We aimed to study the association between FTO rs9939609, modifiable lifestyle behaviors such as eating and sleeping behaviors, and T2DM risk in a large Israeli adult cohort. We hypothesized that specific lifestyle behaviors, particularly those related to circadian and behavioral timing, may modify the genetic susceptibility to T2DM.
2. Materials and Methods
2.1. Participants
The cross-sectional study included data (Israeli registry database (#700068969) of Lev Hai Genetics Ltd., (Tel-Aviv, Israel) 21 December 2021–May 2023) of 12,254 Israeli adults (64% female) with a mean age 56.4 ± 15.7 years. Non-identifiable genetic data were used. The study was approved by the ethical committee of Ariel University (#AU-HEA-RB-20220214). Participants under the age of 18 years, having a genetic disease or missing genetic, lifestyle, and anthropometric data were excluded from the study.

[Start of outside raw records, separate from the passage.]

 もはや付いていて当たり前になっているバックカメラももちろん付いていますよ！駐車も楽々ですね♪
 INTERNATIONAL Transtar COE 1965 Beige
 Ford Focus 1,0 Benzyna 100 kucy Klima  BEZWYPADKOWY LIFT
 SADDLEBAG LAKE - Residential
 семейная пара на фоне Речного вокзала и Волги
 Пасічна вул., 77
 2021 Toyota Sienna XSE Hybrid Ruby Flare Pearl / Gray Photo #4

2.2. SNP Selection and Hardy–Weinberg Equilibrium (HWE)
The single nucleotide polymorphism (SNP) FTO rs9939609 was selected for this analysis based on its well-established association with obesity, insulin resistance, and T2DM reported in multiple GWAS across various populations [9,10]. The selection was further supported by previous meta-analyses demonstrating a consistent effect of the A risk allele on metabolic traits and glucose regulation [8,9,26,33]. Genotype frequencies were tested for Hardy–Weinberg equilibrium (HWE) using a chi-square (χ2) test with 1 degree of freedom. The observed genotype distribution did not deviate significantly from HWE (p > 0.05), confirming the reliability of the genotyping process.
2.3. Lifestyle Variables
Participants filled in an online questionnaire regarding anthropometric measurements (height and weight), and their lifestyle habits including eating and fasting windows (hours between first and last meal, and fasting window, time of last meal), and sleep behaviors (bedtime onset, sleep duration).

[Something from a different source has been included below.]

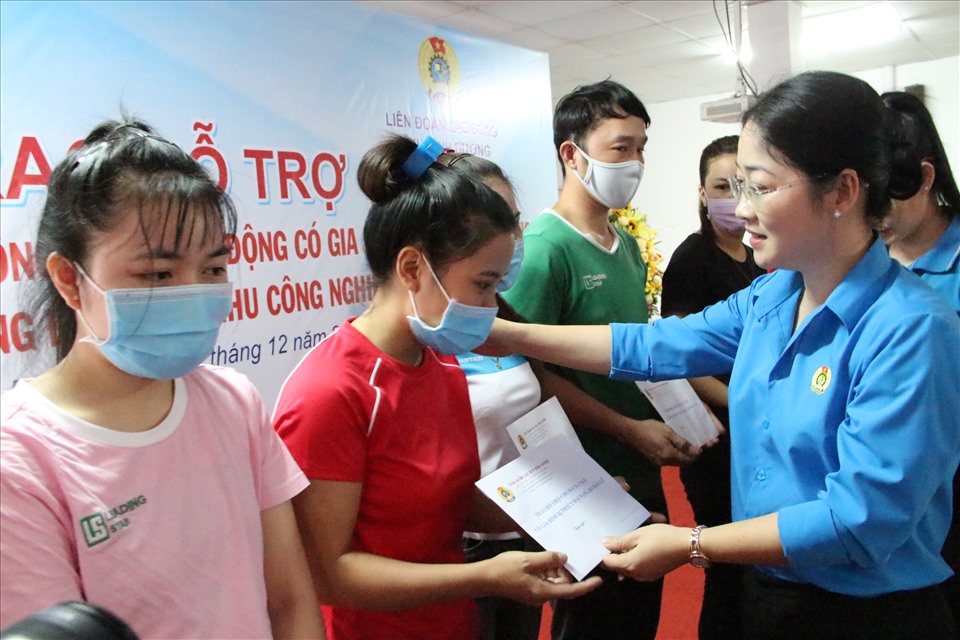 Bà Nguyễn Kim Loan - Chủ tịch LĐLĐ tỉnh Bình Dương trao hỗ trợ cho công nhân. Ảnh: Đình Trọng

Sleep duration and bedtime onset were analyzed as continuous and categorical variables. Categorical brackets were defined by tree analysis combined with scientific recommendations emphasizing the metabolic and circadian advantages of adequate sleeping duration (7–8 h) and earlier bedtime [40,41]. Bedtime onset categorized into before 21:00, 21:00–23:00, and after 23:00.
Eating and fasting windows were derived from participants’ self-reported meal timing data. Respondents indicated whether they consumed food during six predefined eating occasions (breakfast, morning snack, lunch, afternoon snack, dinner, and late-night meal) and, for each reported meal, selected an approximate time range (e.g., breakfast: before 6:00, 6:00–8:00, 8:00–10:00, etc.). The eating window was defined as the time interval between the first and last reported meal, and the fasting window was calculated as the remaining hours in a 24 h period. Both eating window and fasting window durations were examined as continuous and categorical variables. Categorical brackets were constructed using decision-tree-derived cut-offs and supported by prior literature to reflect meaningful behavioral ranges to facilitate interpretation and to reflect meaningful behavioral ranges [42].
2.4. Statistical Analysis
Categorical variables were compared between participants with and without T2DM using chi-square (χ2) tests, presented as n (%). Continuous variables were analyzed using t-tests, presented as mean ± standard deviation (SD).
Binary logistic regression models were applied to assess the associations between FTO rs9939609 genotypes and T2DM risk under additive, dominant, and recessive models. OR was calculated using the TT genotype as the reference group. In the dominant model, carriers of at least one A allele (AT + AA) were compared with TT, whereas in the recessive model, AA homozygotes were compared with TT + AT. Each model was adjusted for potential confounders including age, sex, and BMI.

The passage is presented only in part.